Observations of Scattered Ion Orbits in a Dipole Magnetic Field and Their Collective Modes

Ion orbits in a dipole magnetic field are known to exhibit chaotic behavior [1,2]. Measurements of f_0,i (v) in a low-temperature Ar plasma have been shown to agree well with a simple Monte Carlo (MC) simulation of the unperturbed ion orbits [3]. Knowledge of f_0,i (v) and methods of transient chaos are used here to predict transport and electrostatic modes associated with ion orbits. First, density measurements are made in tandem with plasma source modulation to accentuate the effect of predicted “sticky” (long-lived) ion orbits. A second experiment uses an antenna to produce perturbations in the ion acoustic range of frequencies, synchronized with Laser Induced Fluorescence (LIF) measurements, to obtain f_1,i (v) profiles at multiple spatial positions and frequencies.
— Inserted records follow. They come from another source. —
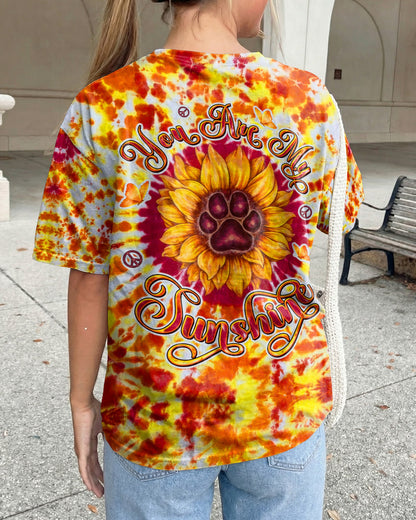 YOU ARE MY SUNSHINE PAW PRINT SUNFLOWER BURST ALL OVER PRINT  - TLTW3006264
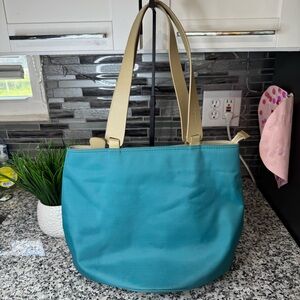 Lancel | Women's Blue and Tan Shoulder Bag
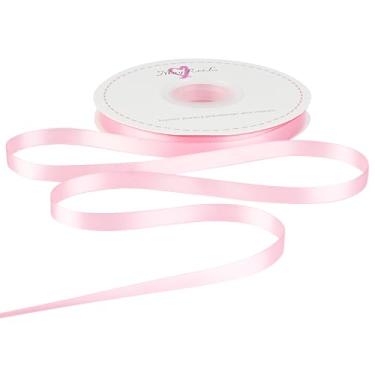 Imagem de MAYREEL Fita de cetim rosa dupla face fina 1,9 cm 50 metros para embrulho de presente, buquês florais, convites, laços, artesanato, festa, decoração de casamento, costura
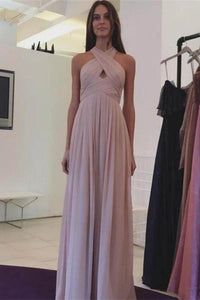 Pink Chiffon Long A-line Halter Simple Cheap Elegant Prom Dresses PFP1029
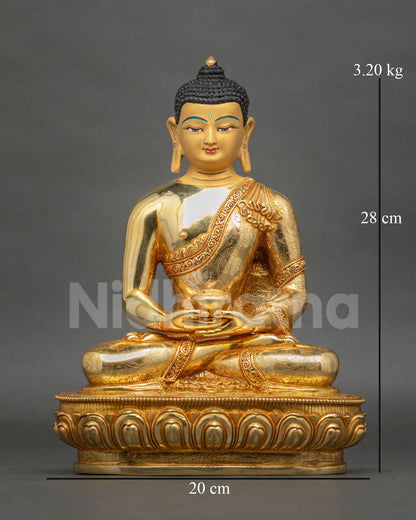 Front view of Amitabha Buddha Statue handcrafted by skilled Newari artisans from Patan, Nepal, with 24K gold fire-gilding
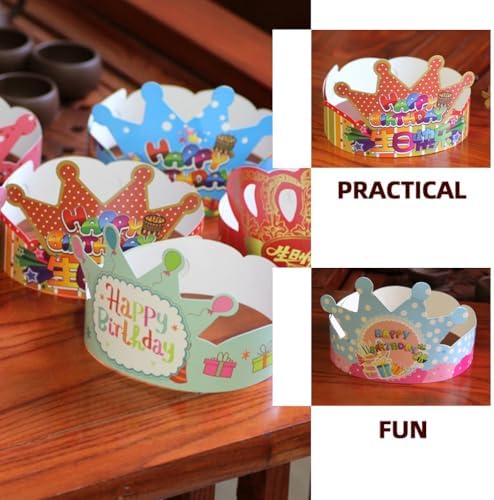 LUOZZY 100 Pcs Birthday Crown Hats for Kids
The measured {f_1,i (v)} are then fed into an MC simulation which uses integration along unperturbed orbits to estimate perturbed electrostatic mode amplitudes over a large spatial extent.
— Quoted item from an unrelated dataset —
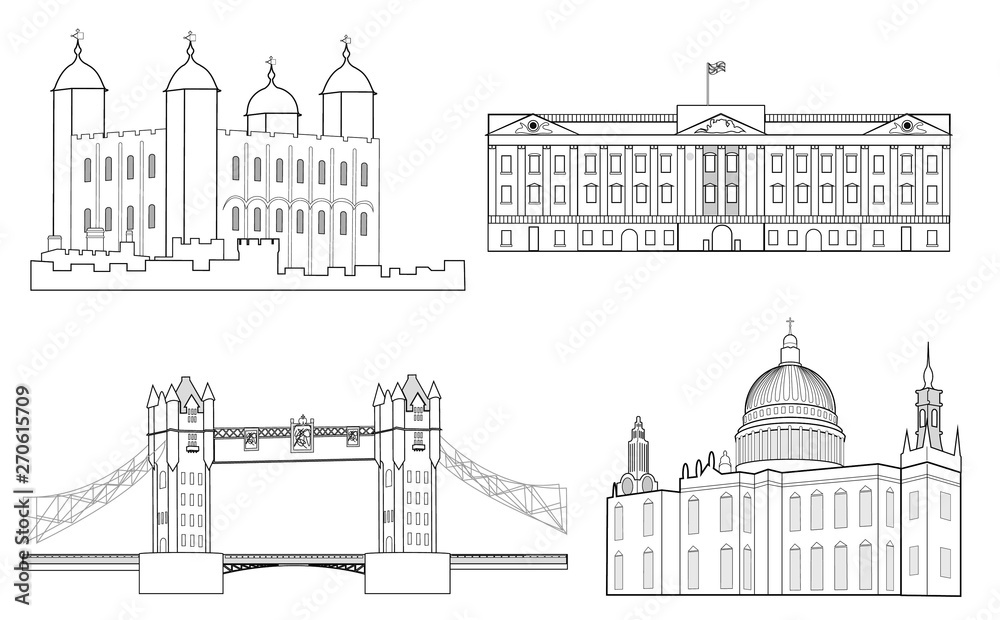 London attractions,a set of icons.Vector image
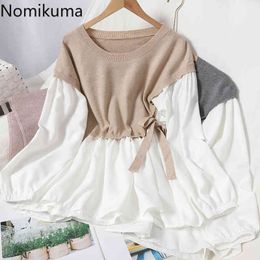 Nomikuma Knitted Patchwork Hit Color Long Sleeve Blouse Korean Bow Tie Slim Waist Shirt New Fake Two Pieces Blusas 6D119 210427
[1] Dragt, Alex J., and John M. Finn. "Insolubility of trapped particle motion in a magnetic dipole field." Journal of Geophysical Research 81, no. 13 (1976): 2327-2340.

[2] Jung, Christof, and H-J. Scholz. "Chaotic scattering off the magnetic dipole." Journal of Physics A: Mathematical and General 21, no. 10 (1988): 2301.

[3] McLaughlin, Jacob W., Daniel V. Pette, and Fred N. Skiff. "Spatially resolved measurements of plasma ion velocity distributions in a dipole magnetic field." Physics of Plasmas 32, no. 3 (2025).